Plants and Animals

Sociable Chimps Have Richer Diversity of Gut Microbes

January 17, 2016 | by Janet Fang

Photo credit: Grooming session between two adult male chimpanzees at Gombe National Park, Tanzania. Steffen Foerster

Chimpanzees who join in on more social activities have a higher diversity of microbes in their gut, and this microscopic species diversity might help fight diseases. The findings, published in Science Advances this week, suggests that social behavior shapes the microbiome and preserves diversity across evolutionary timescales. 

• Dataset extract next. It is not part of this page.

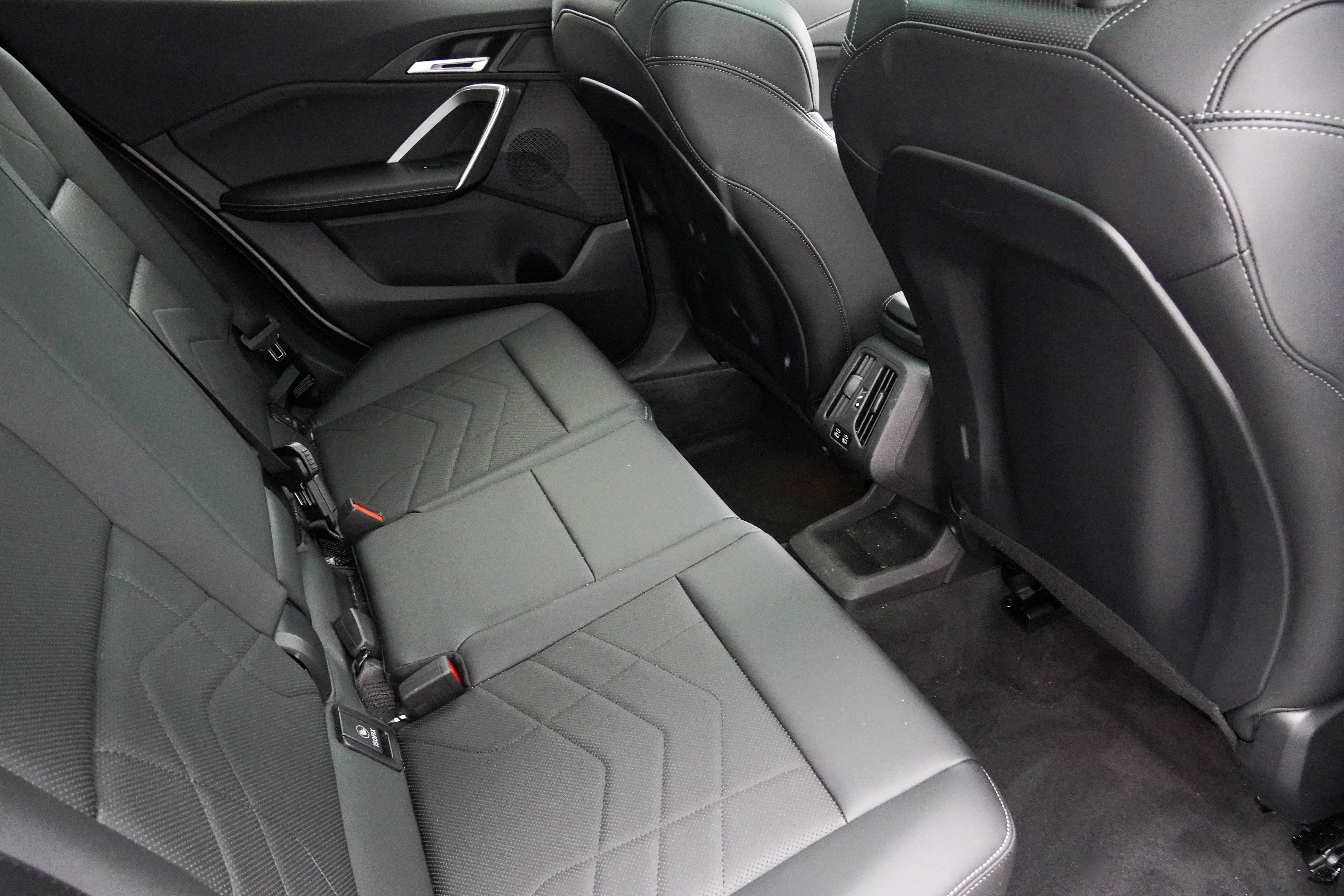 Used 2026 BMW X2 xDrive28i w/ Technology Package image 32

Sociality fuels the spread of pathogens among animal hosts (a crowded plane during the holidays, for example), but these sorts of interactions could also enable beneficial microbial associations. In humans and other primates, the gut microbiome in particular helps regulate health by training the immune system, metabolizing molecules and synthesizing nutrients, and generally protecting against infections caused by opportunistic pathogens. 

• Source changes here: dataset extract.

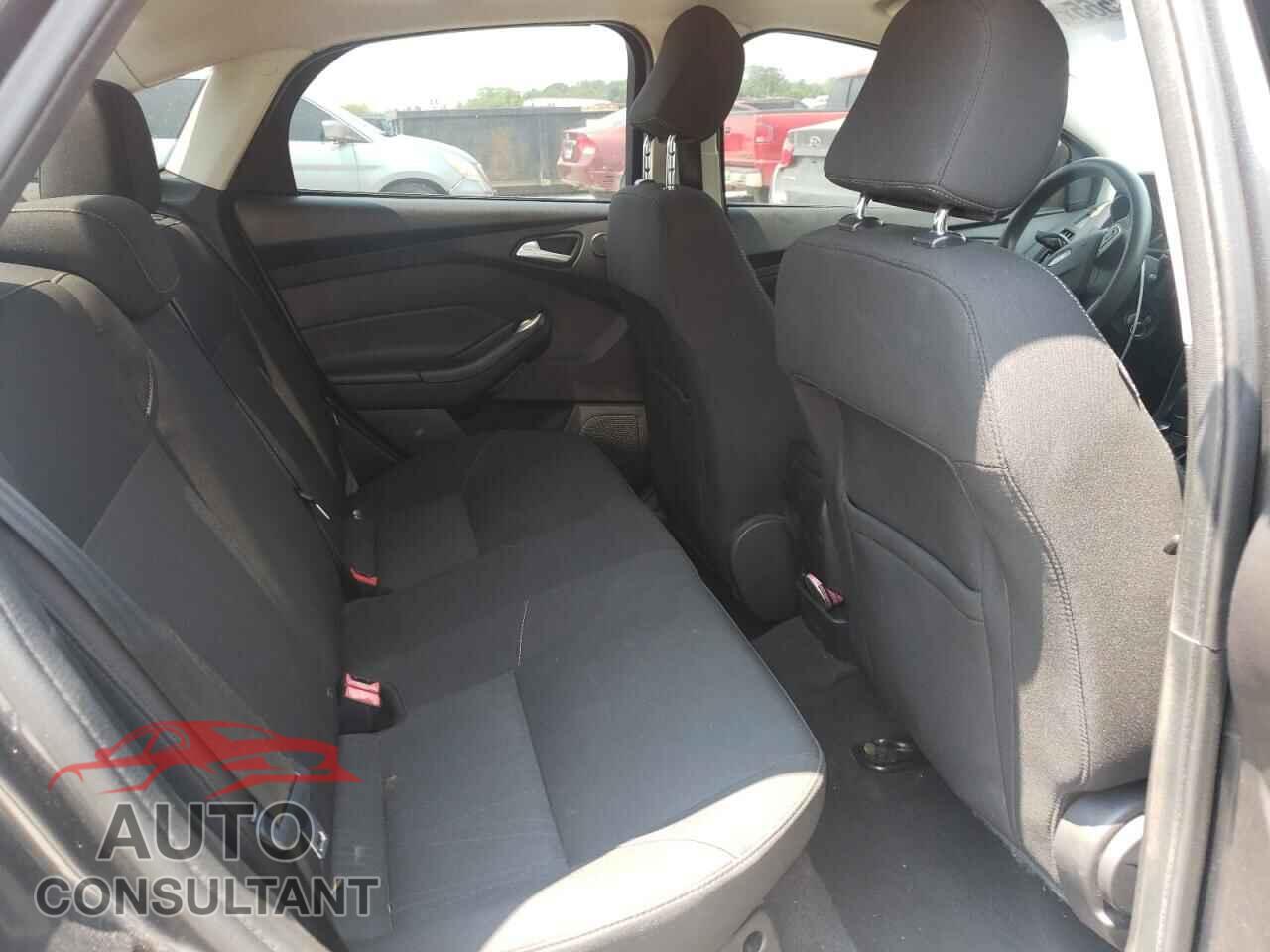 FORD FOCUS 2017 - 1FADP3H24HL269140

To evaluate the role of host social behavior in shaping gut microbial communities, a team led by UT Austin’s Howard Ochman coupled more than eight years of behavioral observations on chimpanzees at Gombe National Park in Tanzania with deep-sequencing of their resident bacterial communities. Between November 2000 and December 2008, 96 fecal samples were collected from 40 Kasekela individuals, including infants, juveniles, adolescents, adults, and elderly individuals. Chimpanzee sociability was calculated as the proportion of time individuals spent together on average. 

The team found that social behavior influences the richness of bacterial species that populate the gut. Chimpanzee sociability isn’t linked to the relative abundance, presence, or absence of any specific bacteria. The impact is on species diversity, which might be providing protection against pathogens that individuals with low species richness are missing. In humans, for example, low gut microbe species richness has been linked to Crohn’s disease.

Social behaviors propagate microbial diversity both within and between host generations. While infants inherit their gut microbial communities from their mother initially, the inheritance of these communities across generations is mostly influenced by social interactions with other chimpanzees.

While there are major differences between our social structures and theirs, the researchers think these results reveal the need to explore the links between human social networks and microbiome composition too.